AUTOMATING THE USAGE OF UNAMBIGUOUS NOES IN NUCLEAR VECTOR REPLACEMENT FOR NMR PROTEIN STRUCTURE-BASED ASSIGNMENTS
Industrial Engineering, M.Sc. Thesis, 2013
Assoc. Prof. Bülent Çatay (Thesis Supervisor), Asst. Prof. Mehmet Serkan Apaydın, Prof. Dr. Uğur Osman Sezerman, Asst. Prof. Kemal Kılıç, Asst. Prof. Hasan Otu
Date &Time: July,22th, 2013 – 13:00
Place: FENS L055
Keywords: Automated NMR Assignment, Tabu Search, NMR Structural Biology, Structural Bioinformatics, Nuclear Overhauser Effect (NOE), Ant Colony Optimization (ACO), Computational Biology, and Metaheuristics.
Proteins perform various functions and tasks in living organisms. The structure of a protein is essential in identifying the protein function. Therefore, determining the protein structure is of upmost importance. Nuclear Magnetic Resonance (NMR) is one of the experimental methods used to determine the protein structure. The bottleneck in NMR protein structure determination is assigning NMR peaks to corresponding nuclei, which is known as the assignment problem. This assignment process is manually performed in many laboratories. In this thesis, we have developed methodologies and software to automate this process.
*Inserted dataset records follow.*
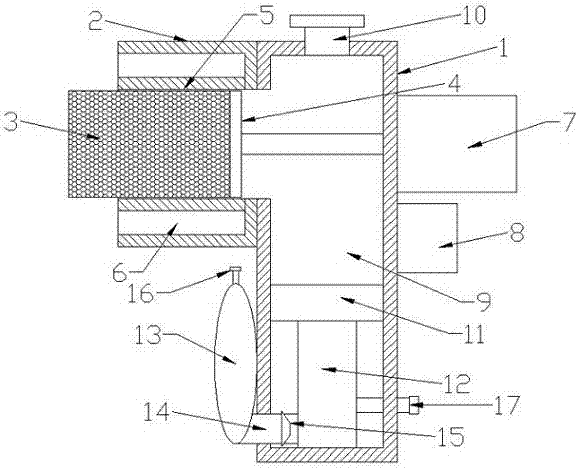 Home appliance cleaning device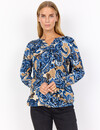 Soyaconcept Shirt Felicity AOP 518 - Estate Blue Combi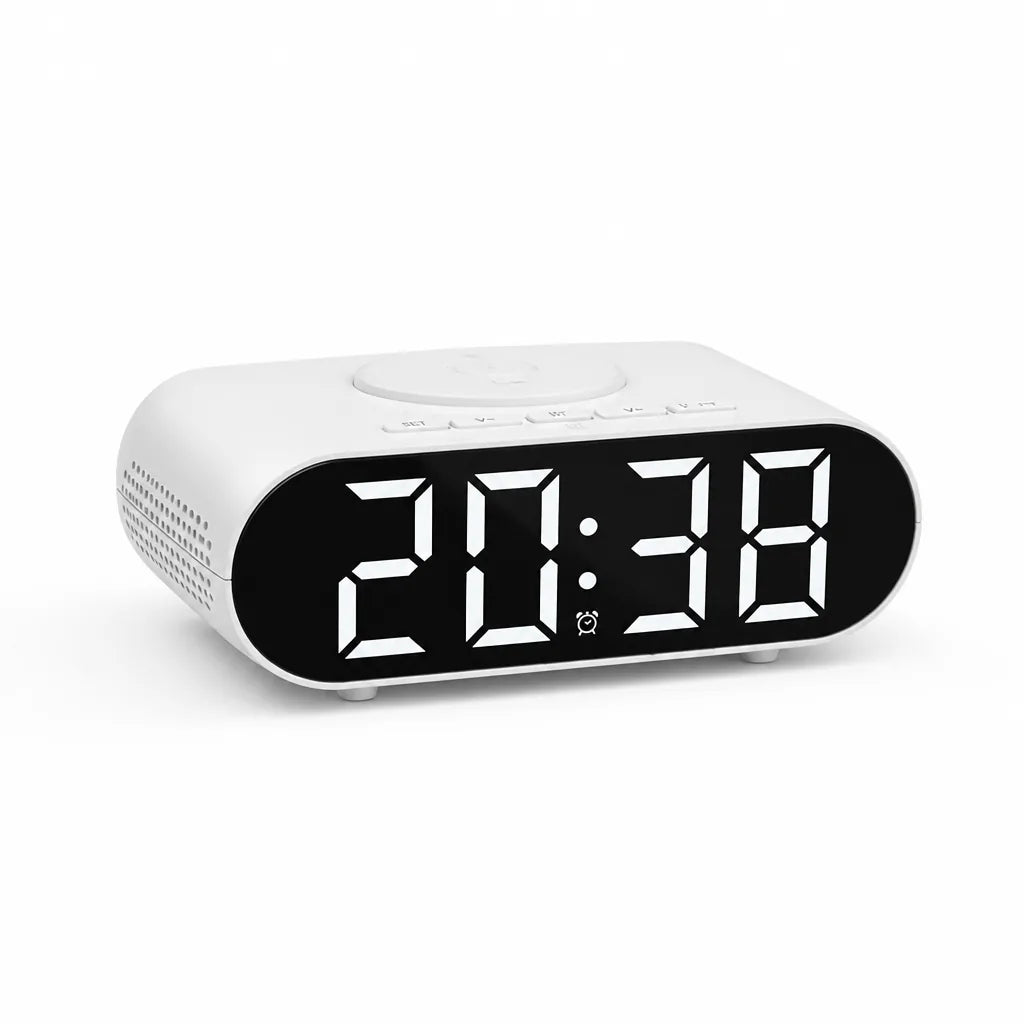 Large LED Dual Alarm and Snooze FM Clock Radio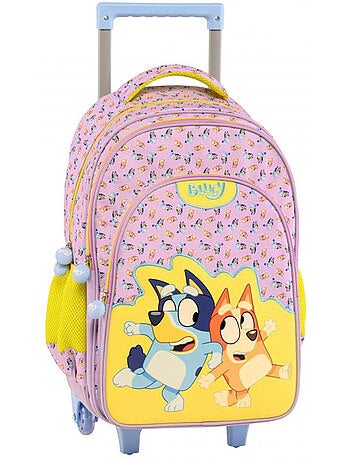 Sac à roulettes 44 cm BLUEY Stickers Lot de 2 – 2 compartiments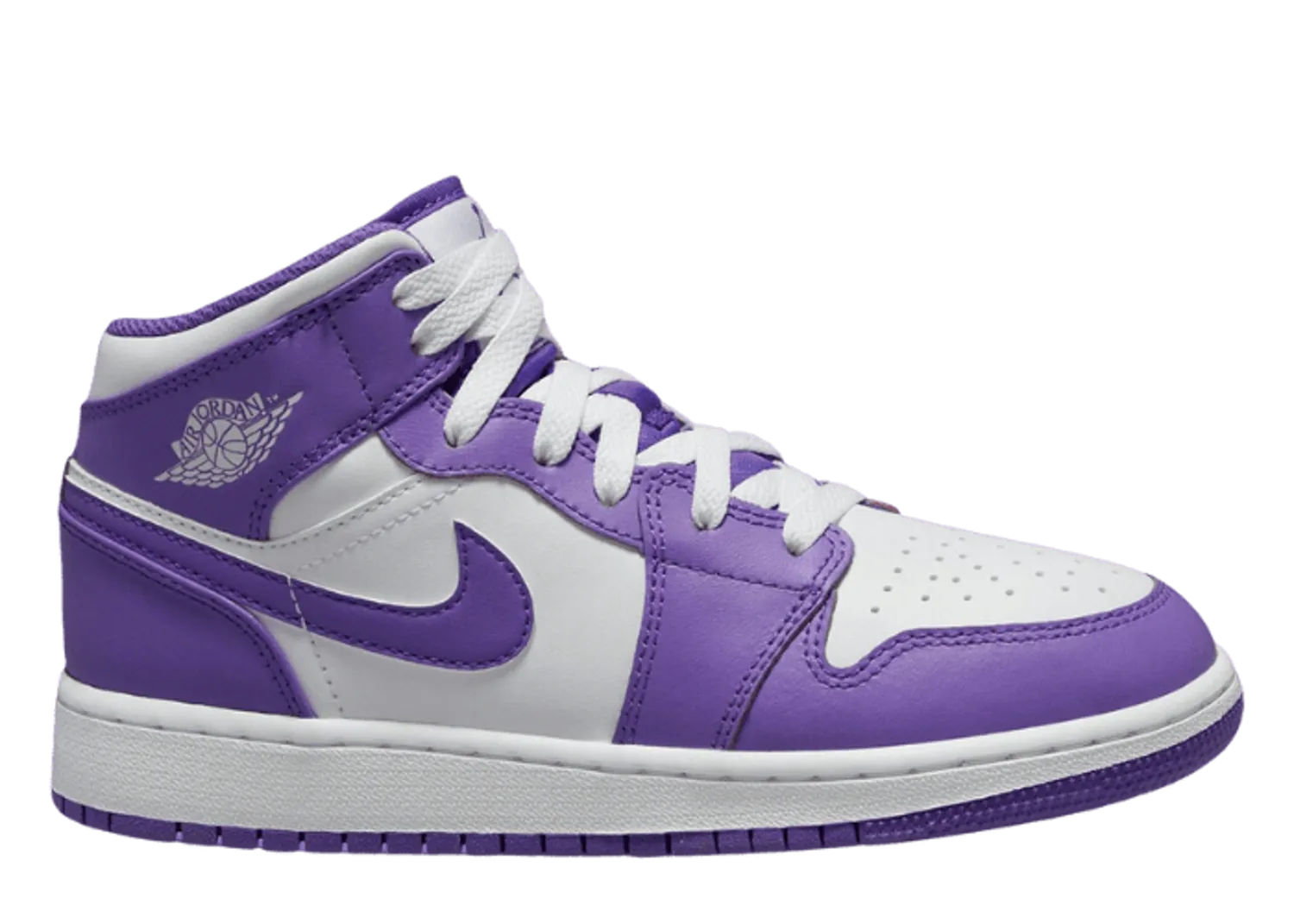Air Jordan 1 Mid Purple Venom (GS)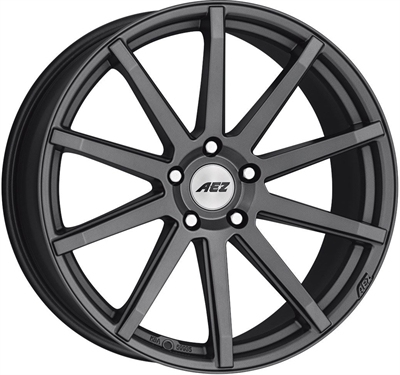 Aez Straight Graphite Matt 8.5x20" 5x112 ET45 Ø70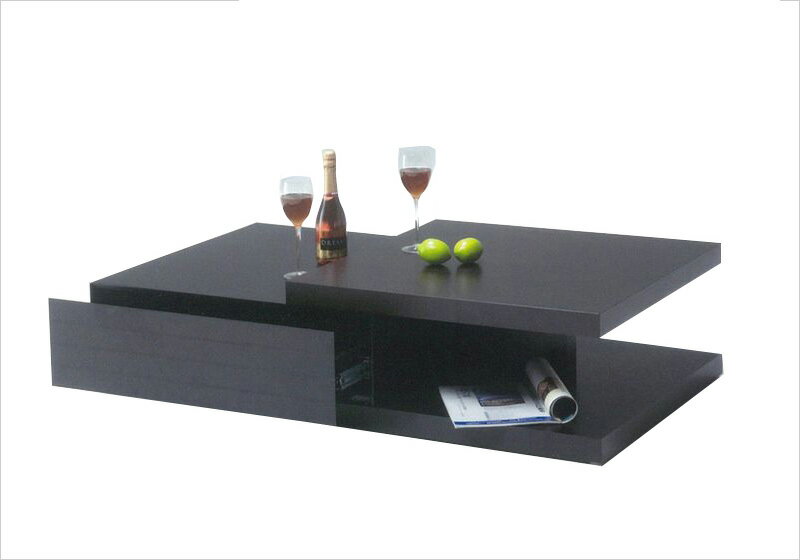 たっぷり収納出来る引出し2杯付き！木製 天然木 ロータイプのリビングテーブル 高級 モダン…...:hello-furniture:10006062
The Structure Based Assignment (SBA) is an approach to solve this computationally challenging problem by using prior information about the protein that is obtained from a template structure. NVR-BIP is an approach that uses the Nuclear Vector Replacement (NVR) framework to model SBA as a binary integer programming problem. NVR-TS is a tabu search algorithm equipped with a guided perturbation mechanism to handle the proteins with larger residue numbers. NVR-ACO is an ant colony optimization approach that is inspired by the behavior of living ants to minimize peaks-nuclei matching cost. One of the input data utilized in these approaches is the Nuclear Overhauser Effect (NOE) data. NOE is an interaction observed between two protons if the protons are located close in space. These protons could be amide protons (HN), protons attached to the alpha-carbon atom in the backbone of the protein (HA), or side chain protons. NVR only uses backbone protons. In the previous approaches using the NVR framework, the proton type was not distinguished in the NOEs and only the HN coordinates were used to incorporate the NOEs into the computation. In this thesis, we fix this problem and use both the HA and HN coordinates and the corresponding distances in our computations. In addition, in the previous studies within this context the distance threshold value for the NOEs was manually tuned for different proteins. However, this limits the application of the methodology for novel proteins. In this thesis we set the threshold value in a standard manner for all proteins by extracting the NOE upper bound distances from the data. Furthermore, for the Maltose Binding Protein (MBP), we extract the NOE upper bound distances from the NMR peak intensity values directly.
We tested our approach on NVR-BIP's data set and compared our new approaches with NVR-BIP, NVR-TS, and NVR-ACO. The experimental results show that the proposed approach improves the assignment accuracies significantly. In particular, we achieved 100% assignment accuracy on EIN and 78% assignment accuracy on MBP proteins as compared to 83% and 73% accuracies, respectively, obtained in the previous approaches.